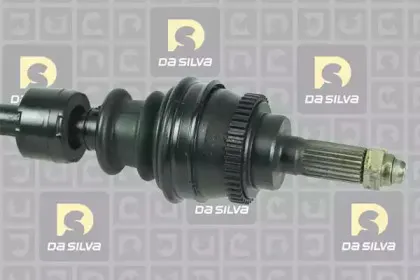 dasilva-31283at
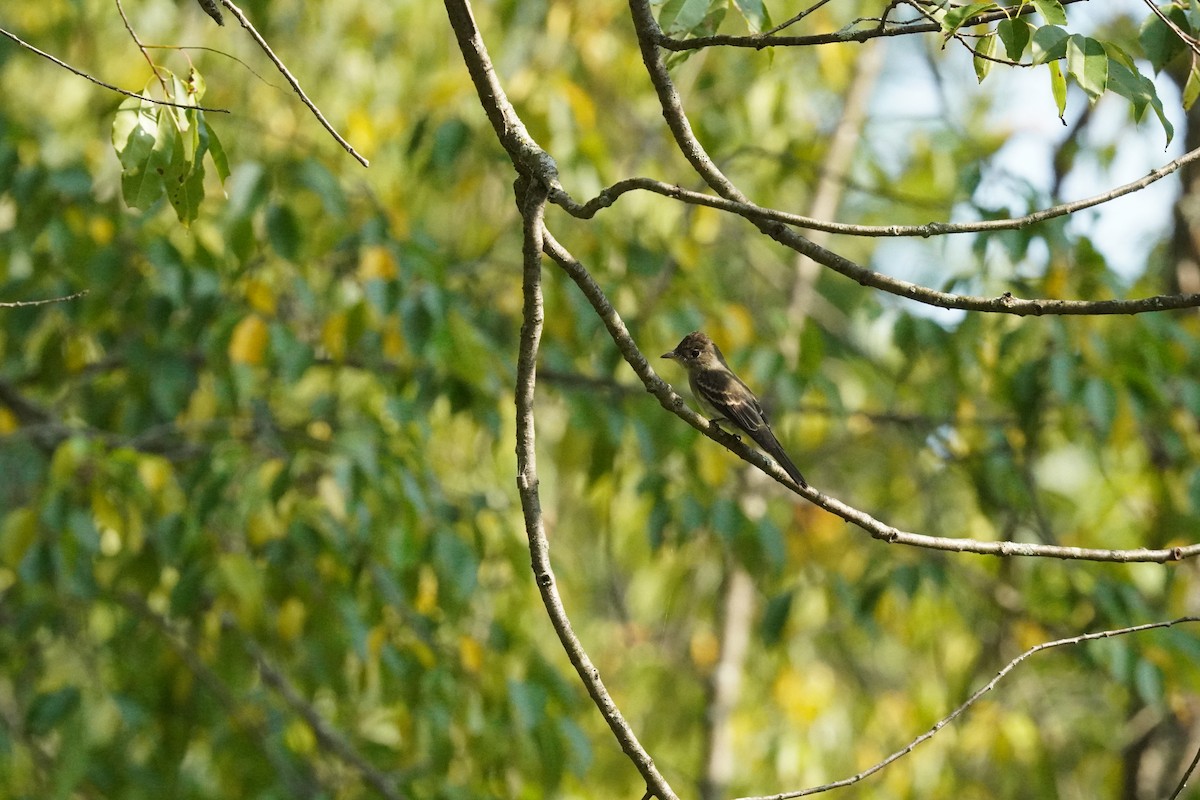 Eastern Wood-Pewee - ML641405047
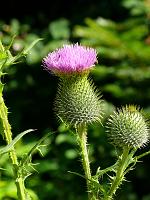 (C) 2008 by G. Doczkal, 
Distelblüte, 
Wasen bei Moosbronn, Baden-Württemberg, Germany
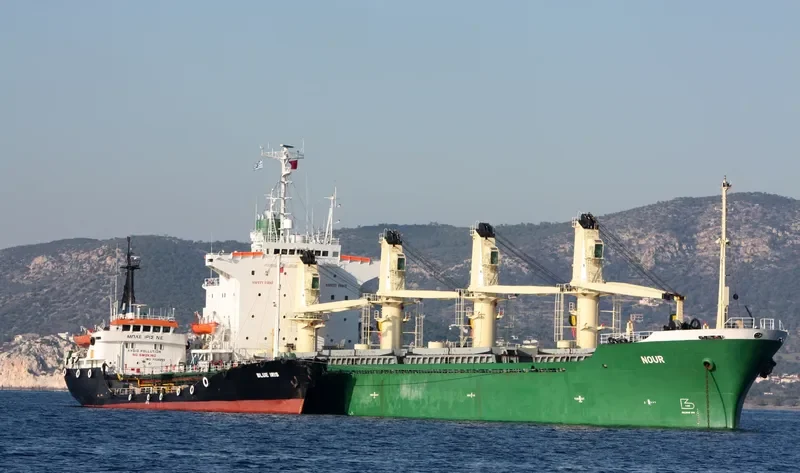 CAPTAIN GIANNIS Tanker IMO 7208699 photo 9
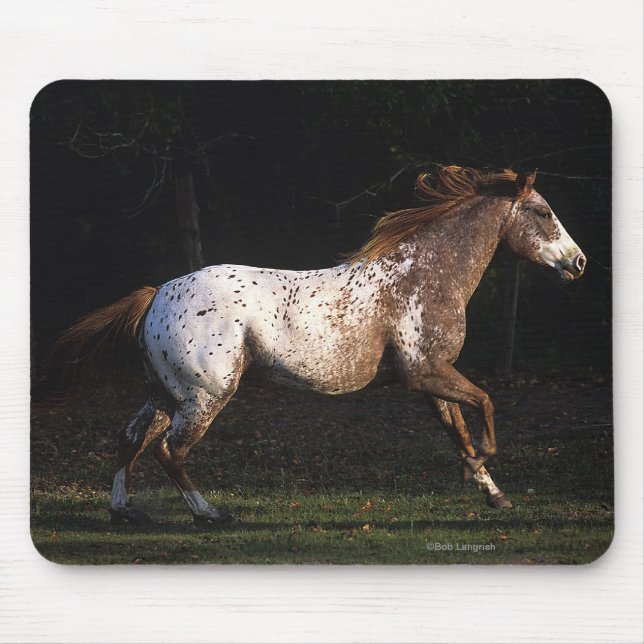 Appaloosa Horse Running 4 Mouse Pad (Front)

§ §

▶ _YOUR ASSIGNMENT_
Exact reproduction is required. Output only the lines from the one with "Wasen bei Moosbronn, Baden-Württemberg, Germany" through the end of the listing above, both ends included, and no pictures.

▶ _SOLUTION FOR THIS TASK_
Wasen bei Moosbronn, Baden-Württemberg, Germany
 CAPTAIN GIANNIS Tanker IMO 7208699 photo 9
 Appaloosa Horse Running 4 Mouse Pad (Front)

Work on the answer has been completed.